Mientras ellos se alejaban, busqué con la mirada a Karl. Lo encontré observándome desde una distancia prudente. Me acerqué y, sin preámbulos, le pregunté:
—¿La hechicera ya está en camino?
Karl asintió con la eficiencia de siempre.
—Ya fueron a buscarla, espero que la encuentren rápido. Si no hay contratiempos, debería llegar pronto al Imperio de Oriente.
—Bien. —Crucé los brazos, meditando por un instante antes de preguntarle—. ¿Cuántos días más crees que debamos permanecer aquí?
Karl frunció el ceño.
—No lo sé, Majestad, pero debo recordarle que en Oriente no hay nadie a cargo de los asuntos imperiales.
Sabía que tenía razón. La estabilidad de mi imperio no podía depender solo de la lealtad de sus funcionarios. Suspiré, pasé una mano por mi cabello y decidí:
—Regresa a Oriente. No podemos darnos el lujo de dejarlo desprotegido. Encárgate de que todo siga en orden hasta que yo vuelva.

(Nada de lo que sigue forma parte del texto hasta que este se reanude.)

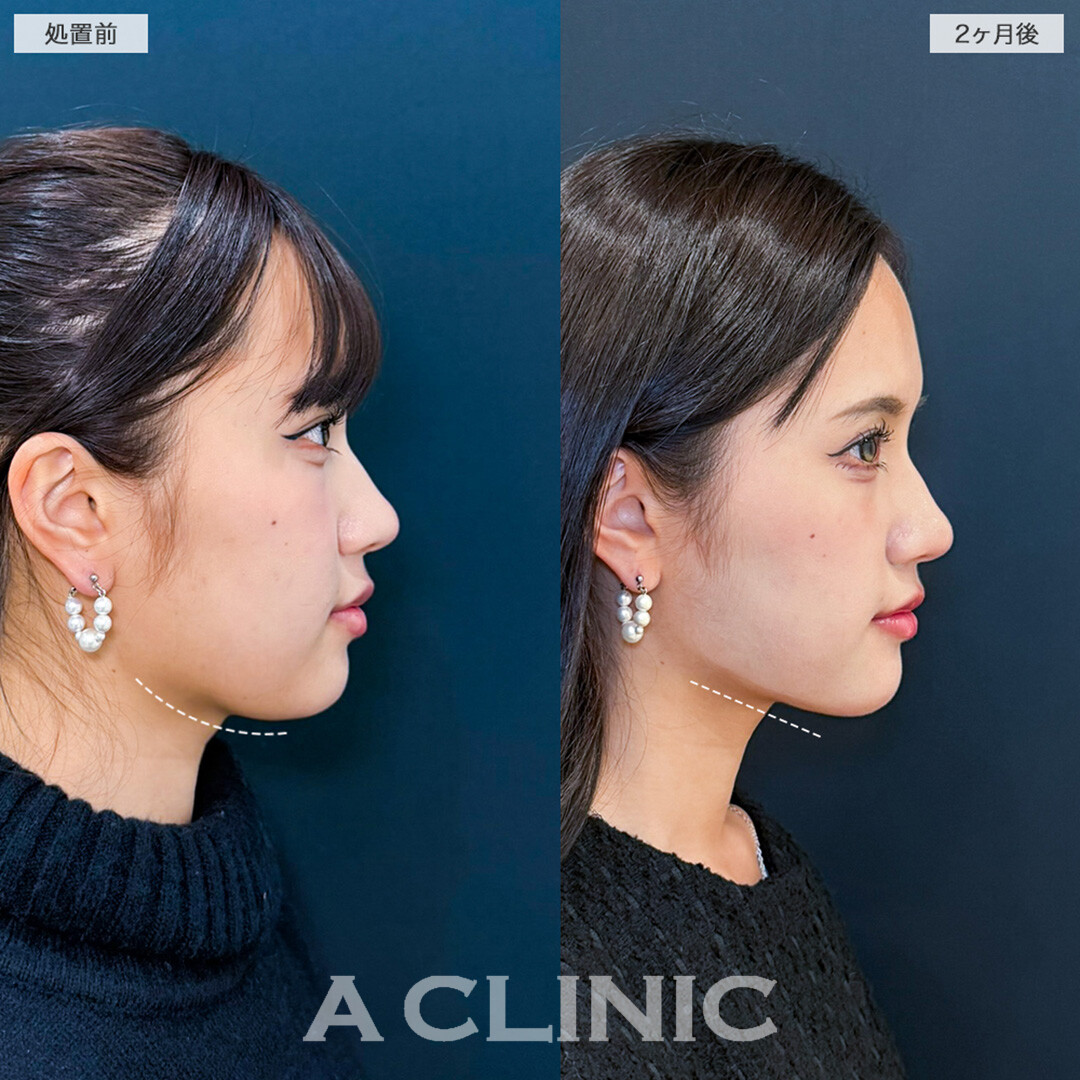 1day小顔脂肪吸引と小顔エラボトックスで輪郭を滑らかに整え大人な印象へ！こちら処置前と2ヶ月後の症例です(20代女性)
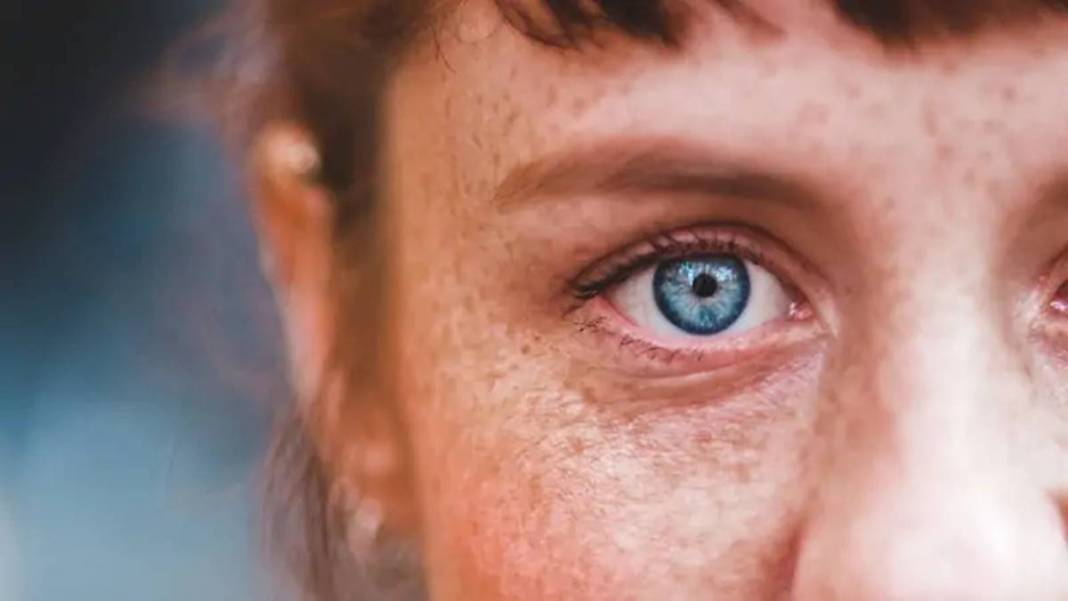 Bu fiziksel özelliklere sahipseniz şanslı azınlıktasınız! Doğuştan geliyor ve nadir bulunuyor 2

Karl me observó por un momento, como si intentara descifrar lo que realmente estaba pasando por mi mente. Finalmente, asintió.
—Empacaré de inmediato y partiré en cuanto esté todo listo.
Lo observé alejarse, y sentí que estaba al borde de una tormenta de la que ni siquiera yo conocía la magnitud.
[...]
Regresé al palacio occidental tras el funeral, con la mente sumida en el peso de los eventos recientes. Pero algo llamó mi atención de inmediato: la seguridad del palacio era escasa, demasiado laxa para una residencia imperial. Tras el funeral, esperaba ver una guardia reforzada, un ambiente de luto tangible, pero en cambio, lo único que encontré fue un vacío alarmante. La seguridad era mínima, casi nula, como si el palacio estuviera abandonado a su suerte.
Un presentimiento me invadió y sin pensarlo mucho, dirigí mis pasos hacia la oficina de Henrey. Si había respuestas, debía encontrarlas ahí. No podía dejar Occidente sin intentar descubrir la verdad. Si había algo que pudiera esclarecer la muerte de los hijos de Navier, debía encontrarlo.
Los pasillos estaban silenciosos, apenas iluminados por la luz de las antorchas. Mientras avanzaba, un guardia imperial me interceptó, con el ceño fruncido y la mano en la empuñadura de su espada.
—Esta parte del palacio está prohibida, su majestad —señaló con firmeza—. Solo los emperadores y sus funcionarios pueden acceder.
Lo miré con picardía, inclinando apenas la cabeza.
—Soy el emperador de Oriente —le recordé con un tono despreocupado—. Así que, por definición, tengo derecho a pasar.
El guardia no cedió.
—Solo los emperadores de Occidente tienen acceso.
Asentí lentamente, fingiendo resignación, y luego le sonreí con aire condescendiente.
—Entiendo, no quiero causar problemas. En realidad, solo busco un lugar privado para escribir una carta a mi imperio. Son asuntos diplomáticos confidenciales, y no puedo hacerlo en cualquier salón.
El guardia pareció dudar.
—Pero si así es como tratan a un invitado de la familia imperial de Oriente, tendré que marcharme —proseguí, suspirando con teatralidad—. Aunque, claro, sería una lástima, considerando que el propio emperador Henrey me pidió quedarme para asistir a su majestad Navier, pero si ayudarlo significa descuidar mi propio imperio, no tengo otra opción.